Wednesday, February 14
After several days of cold and rain, the weather authorities blessed us with a day of brilliant sunshine and blue skies. So I thought I’d share my day with you.
We got up, had coffee, and took the dog for a walk down to the garden. Phoenix opened up the greenhouse and watered the little seedlings. The chicory, yarrow, and Sweet Annie she planted last week are already sprouting, so that’s exciting.
Kobi and I went to check on the little drainage ditch we dug the other day in a spot where a wet weather spring had been flooding out a low lying section of the garden.
I don’t know if I’d ever seen a wet weather spring before. It’s a place where rain water that’s gone underground higher up on the property comes back above ground. Whichi is pretty cool, except for the fact it has been steadily turning a whole section of the garden into a mud flat. Just past the fence on the south side of the garden there’s a little abandoned pond the farm family dug a few years back. We wanted to get the water flowing down to the pond rather than flooding the garden, so the other day I started digging a miniature drainage canal. My inner child loves doing that sort of thing. As does Kobi. He does his part by barking excitedly at the shovel blade, manically pawing mud off the shovel, and occasionally jumping in next to me and digging holes.

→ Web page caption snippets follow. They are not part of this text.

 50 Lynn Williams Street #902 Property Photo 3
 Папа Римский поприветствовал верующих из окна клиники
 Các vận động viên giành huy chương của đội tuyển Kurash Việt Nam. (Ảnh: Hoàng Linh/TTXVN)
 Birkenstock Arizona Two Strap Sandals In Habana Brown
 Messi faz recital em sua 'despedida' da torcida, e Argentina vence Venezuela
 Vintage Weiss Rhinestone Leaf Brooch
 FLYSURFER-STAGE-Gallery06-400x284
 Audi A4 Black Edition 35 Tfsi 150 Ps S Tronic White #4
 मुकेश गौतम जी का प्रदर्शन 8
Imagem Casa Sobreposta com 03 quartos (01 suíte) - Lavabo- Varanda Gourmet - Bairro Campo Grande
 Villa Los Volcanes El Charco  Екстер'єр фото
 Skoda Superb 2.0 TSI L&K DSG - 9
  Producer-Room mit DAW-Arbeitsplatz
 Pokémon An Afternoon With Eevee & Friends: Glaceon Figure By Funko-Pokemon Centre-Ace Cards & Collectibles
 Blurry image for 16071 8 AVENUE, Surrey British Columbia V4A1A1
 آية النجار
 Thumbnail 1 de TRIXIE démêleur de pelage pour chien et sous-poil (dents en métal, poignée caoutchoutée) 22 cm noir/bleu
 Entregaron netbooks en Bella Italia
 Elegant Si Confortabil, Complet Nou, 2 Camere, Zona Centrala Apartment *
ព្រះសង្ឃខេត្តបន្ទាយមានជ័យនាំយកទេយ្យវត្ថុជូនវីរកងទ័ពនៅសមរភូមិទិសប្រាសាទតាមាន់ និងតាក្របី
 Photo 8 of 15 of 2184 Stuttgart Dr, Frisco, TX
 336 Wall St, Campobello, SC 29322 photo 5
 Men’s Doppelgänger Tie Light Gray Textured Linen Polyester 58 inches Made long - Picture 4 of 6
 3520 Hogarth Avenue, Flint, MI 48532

Our inspection revealed that the ditch was holding up and draining the muddy part of the field. And the little two-inch tall waterfall that Kobi dug out halfway down to the pond was still burbling happily.
Inspection complete, we walked back up the hill to get breakfast. While Phoenix was cooking eggs, sausage and hash browns, I went out back to add oil to the generator.
I’d been waiting for a break in the rain to check the oil and I was a little worried that the oil level would be really low. Good news: there was plenty of oil in the crankcase. Bad news: the oil was black.
That’s what happens with motor oil in an engine but considering the generator trauma I’ve experienced in the past three months I’m very motivated to keep up a proper maintenance schedule and protect our investment with the new generator.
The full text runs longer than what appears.